ScaLAPACK

Description

The ScaLAPACK library contains routines for solving real or complex general, triangular, or positive definite distributed systems. It also contains routines for reducing distributed matrices to condensed form and an eigenvalue problem solver for real symmetric distributed matrices. Finally, it also includes a set of routines that perform basic operations involving distributed matrices and vectors, the PBLAS.

For more information about the ScaLAPACK library, see the ScaLAPACK web site http://www.netlib.org/scalapack/.

Changes from Public Domain Version

ScaLAPACK is a software package provided by Univ. of Tennessee; Univ. of California, Berkeley; Univ. of Colorado, Denver. A version of the package is available in the public domain on the World Wide Web at the following URL http://www.netlib.org/.

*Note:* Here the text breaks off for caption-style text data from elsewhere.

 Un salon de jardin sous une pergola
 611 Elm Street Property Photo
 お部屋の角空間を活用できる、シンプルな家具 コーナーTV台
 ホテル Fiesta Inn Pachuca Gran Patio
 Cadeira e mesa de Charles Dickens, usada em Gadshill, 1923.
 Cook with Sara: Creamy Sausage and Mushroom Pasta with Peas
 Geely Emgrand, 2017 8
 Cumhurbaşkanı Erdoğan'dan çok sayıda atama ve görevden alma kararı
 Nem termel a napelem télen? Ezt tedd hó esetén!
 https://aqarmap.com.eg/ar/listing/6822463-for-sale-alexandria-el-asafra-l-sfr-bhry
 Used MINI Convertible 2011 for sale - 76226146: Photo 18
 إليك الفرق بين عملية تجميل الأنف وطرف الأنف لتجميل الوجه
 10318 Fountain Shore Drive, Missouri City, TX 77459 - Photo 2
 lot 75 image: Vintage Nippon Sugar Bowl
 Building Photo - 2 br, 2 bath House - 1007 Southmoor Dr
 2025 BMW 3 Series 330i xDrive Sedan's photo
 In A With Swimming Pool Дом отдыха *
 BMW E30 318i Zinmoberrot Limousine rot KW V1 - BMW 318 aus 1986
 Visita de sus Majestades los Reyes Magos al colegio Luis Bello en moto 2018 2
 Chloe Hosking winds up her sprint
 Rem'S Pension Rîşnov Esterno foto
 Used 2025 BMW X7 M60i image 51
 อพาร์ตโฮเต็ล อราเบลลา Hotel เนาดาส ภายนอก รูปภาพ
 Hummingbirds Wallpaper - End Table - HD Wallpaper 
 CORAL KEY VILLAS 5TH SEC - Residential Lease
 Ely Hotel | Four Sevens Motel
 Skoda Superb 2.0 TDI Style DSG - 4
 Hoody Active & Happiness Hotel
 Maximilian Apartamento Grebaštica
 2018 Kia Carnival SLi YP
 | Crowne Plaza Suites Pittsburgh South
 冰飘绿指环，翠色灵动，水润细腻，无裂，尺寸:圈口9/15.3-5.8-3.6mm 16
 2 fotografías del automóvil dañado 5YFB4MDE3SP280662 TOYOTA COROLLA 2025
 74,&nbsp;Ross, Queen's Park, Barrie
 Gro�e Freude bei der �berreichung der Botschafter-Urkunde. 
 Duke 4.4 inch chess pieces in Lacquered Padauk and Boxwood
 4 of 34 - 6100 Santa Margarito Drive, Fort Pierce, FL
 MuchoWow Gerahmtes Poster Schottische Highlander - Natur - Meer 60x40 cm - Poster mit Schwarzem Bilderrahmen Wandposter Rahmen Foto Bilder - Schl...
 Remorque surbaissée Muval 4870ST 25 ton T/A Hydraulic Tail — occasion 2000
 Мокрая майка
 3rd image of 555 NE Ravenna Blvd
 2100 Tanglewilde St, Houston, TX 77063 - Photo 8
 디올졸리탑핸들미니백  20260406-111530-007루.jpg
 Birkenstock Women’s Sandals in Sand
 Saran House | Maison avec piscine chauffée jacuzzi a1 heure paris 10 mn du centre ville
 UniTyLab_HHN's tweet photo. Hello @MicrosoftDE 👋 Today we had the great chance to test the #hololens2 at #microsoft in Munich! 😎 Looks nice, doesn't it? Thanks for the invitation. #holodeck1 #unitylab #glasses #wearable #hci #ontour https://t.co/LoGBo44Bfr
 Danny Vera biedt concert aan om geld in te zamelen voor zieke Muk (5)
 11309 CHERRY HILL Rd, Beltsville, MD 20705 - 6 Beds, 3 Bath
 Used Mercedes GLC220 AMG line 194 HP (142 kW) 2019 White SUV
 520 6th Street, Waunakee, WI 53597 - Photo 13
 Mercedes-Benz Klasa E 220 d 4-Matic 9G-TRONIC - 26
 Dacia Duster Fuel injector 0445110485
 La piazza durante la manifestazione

The calling sequences to all ScaLAPACK routines remain unchanged.

Initialization

Some of the ScaLAPACK routines require the Basic Linear Algebra Communication Subprograms (BLACS) to be initialized. This can be done through a call to BLACS_GRIDINIT. Finally, each distributed array that is passed as an argument to a ScaLAPACK routine, requires a descriptor, which is set through a call to DESCINIT. If a call is required, it is documented on the man page for the routine.

Environment Variables

Environment Variables for PBLAS Routines

LIBSCI_ALT_PGEMM

    If set, uses an alternate, experimental algorithm for the
    pdgemm and pzgemm routines that may be more optimal for
    select use cases. Users should independently verify if use
    of the alternate, experimental algorithm may be more
    functionally faster than the default algorithm for their
    application.

    Default: not set

LIBSCI_ALT_SCALA

    If set, uses an alternate set of SCALAPACK communication
    parameters at runtime that may yield better performance for
    select applications and use cases.

    Default: not set

Environment Variables for Eigensolvers

LIBSCI_OPT_PDSYEV

    If set, SCALAPACK routines replace the default pdsyev
    algorithm (real symmetric eigensolver) with a divide‐and‐
    conquer algorithm for optimized performance for the case
    where both eigenvectors and eigenvalues are calculated. This
    optimization temporarily sets some additional memory scratch
    space internally. It does not requires users to change their
    existing pdsyev calls.

    Default: not set

LIBSCI_OPT_PZHEEV

    If set, SCALAPACK routines replace the default pzheev
    algorithm (complex Hermitian eigensolver) with a divide‐and‐
    conquer algorithm for optimized performance for the case
    where both eigenvectors and eigenvalues are calculated. This
    optimization temporarily sets some additional memory scratch
    space internally. It does not requires users to change their
    existing pzheev calls.

    Default: not set

LIBSCI_OPT_PDSYEVD

    If set, SCALAPACK routines replace the default pdsyevd
    algorithm (real symmetric eigensolver) with a MRRR algorithm
    that may provide added performance. Users are required to
    place a workplace query with the environment variable set at
    runtime to set appropriate workspaces for the function call.

    Default: not set

LIBSCI_USE_ELPA

    ELPA is not provided with cray‐libsci, however, if this env
    var is set to 1, an external user version of ELPA can be
    used as a backend for the following SCALAPACK eigenvalue
    solver routines in cray‐libsci: pdsyev, pdsyevd, pdsyevr,
    pzheev, pzheevd, pzheevr. If this environment variable is
    set, the external ELPA library must be provided during
    application linking via the PE_SCI_EXT_LIBPATH and
    PE_SCI_EXT_LIBNAME environment variables. The backend uses
    the ELPA API associated with ELPA release 2016.05.004. ELPA
    releases with different APIs are not supported.
    Additionally, dynamic linking is not supported on Cray XC
    systems with this variable. For Cray CS systems, the
    LD_LIBRARY_PATH or the ld.so.cache will need to be modified
    so as to reflect the location of the library used in
    PE_SCI_EXT_LIBPATH.

    For building ELPA with the Cray Programming Environment,
    refer to ${CRAY_LIBSCI_DIR}/etc/README.

    Default: not set

PE_SCI_EXT_LIBPATH

    If set, the value is inserted into the linker´s path during
    linking.
    eg: export PE_SCI_EXT_LIBPATH="‐L/path/to/elpa/lib"

    Default: not set

PE_SCI_EXT_LIBNAME

    If set, the value is passed to the linker during the linking
    step.
    eg: export PE_SCI_EXT_LIBNAME="‐Wl,‐‐undefined=elpa_get_communicators\ ‐lelpa_openmp"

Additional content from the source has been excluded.